Three pioneering island journalists are to be honoured for their role in creating its modern democracy.
Isle of Man journalists Robert Fargher, James Brown and Samuel Norris are to be included on the Manx patriots’ roll of honour for their role in shaping the island’s legislature, the Tynwald, in the 19th century.
The Tynwald, pictured below, claims to be the oldest continuous parliamentary body in the world dating back more than 1,000 years, but only allowed elected members for the first time in 1866.
To mark the event’s 150th anniversary, Speaker Steve Rodan told the Tynwald its honours committee wanted to honour three “outstanding individuals who in their own way were instrumental in advancing the cause of Manx democracy”.
Robert Fargher, born in 1803, was the founder of the Mona’s Herald, which campaigned for political reform on the island.
He was imprisoned several times for his views, but died three years short of seeing his ambition achieved.
Liverpool-born James Brown moved to the island in his early 30s, establishing the Isle of Man Times in 1861 and used it to express his forthright views calling strongly for a democratically elected House of Keys.
He was imprisoned in 1866 for libel after likening members of the House to donkeys.
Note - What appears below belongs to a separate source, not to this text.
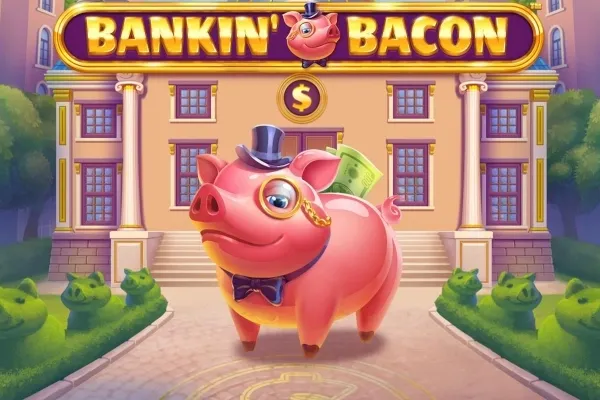 Sloto'Cash Casino background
He served only six weeks of a six month sentence when the court of the Queen’s Bench ruled the Keys did not have the authority to imprison him, his appeal funded by public support.
Samuel Norris moved to the island in 1894 and was also a journalist who was vocal in his support for the reform of the legal system.
The Isle of Man is a self-governing Crown dependency, although foreign relations and defence remain the responsibility of the British government.